2019-02-20 00:00:00+00
§ 4404. Acquisitions involving other insurers and health service organizations

(a) Definitions.— The following definitions shall apply for the purposes of this section only:

(1) “Acquisition” means any agreement, arrangement, or activity the consummation of which results in a person acquiring directly or indirectly the control of another person, and includes but is not limited to the acquisition of voting securities, the acquisition of assets, bulk reinsurance, and mergers.

(2) An “involved insurer or health service organization” includes an insurer or organization which either acquires or is acquired, is affiliated with an acquirer or acquired, or is the result of a merger.

(b) Scope.—

(1) Except for what is established in clause (2), the provisions of this section apply to any acquisition in which there is a change in control of an insurer or health service organization licensed to do business in Puerto Rico.

(2) This section shall not apply to the following:

(A) The acquisitions subject to approval by the Commissioner pursuant to § 4403 of this title.

(B) A purchase of securities solely for investment purposes so long as the securities are not used by voting or otherwise to cause or attempt to cause the substantial lessening of competition in the insurance market of Puerto Rico. If a purchase of securities results in a presumption of control under § 4401(c) of this title, it shall not be considered solely for investment purposes unless the Commissioner of the insurer or health service organization’s state of domicile accepts a disclaimer of control or affirmatively finds that control does not exist and informs the Commissioner of Insurance of Puerto Rico.

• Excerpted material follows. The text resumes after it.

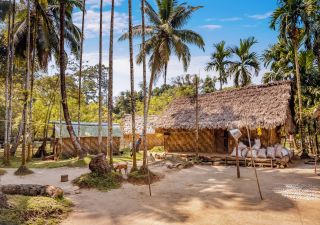 Stammesdorf auf der Barantang Island auf den Andamanen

(C) The acquisition of a person by another person when both persons are neither directly nor through affiliates primarily engaged in the business of insurance, if pre-acquisition notification is filed with the Commissioner in accordance with subsection (c)(1) of this section, thirty (30) days prior to the proposed effective date of the acquisition. However, such pre-acquisition notification is not an exemption from complying with what is established in the remaining paragraphs of this clause.

(D) The acquisition of already affiliated persons.

(E) An acquisition if, as an immediate result of the acquisition:

(i) In no market would the combined market share of the involved insurers exceed five percent (5%) of the total market;

(ii) There would be no increase in any market share, or

(iii) In no market would

(I) The combined market share of the involved insurers exceeds twelve percent (12%) of the total market, and

(II) The market share increase by more than two percent (2%) of the total market.

For the purpose of this paragraph, a market means insurance premiums underwritten in this jurisdiction for a line of business as contained in the annual statement required to be filed by insurers and health service organizations licensed to do business in Puerto Rico.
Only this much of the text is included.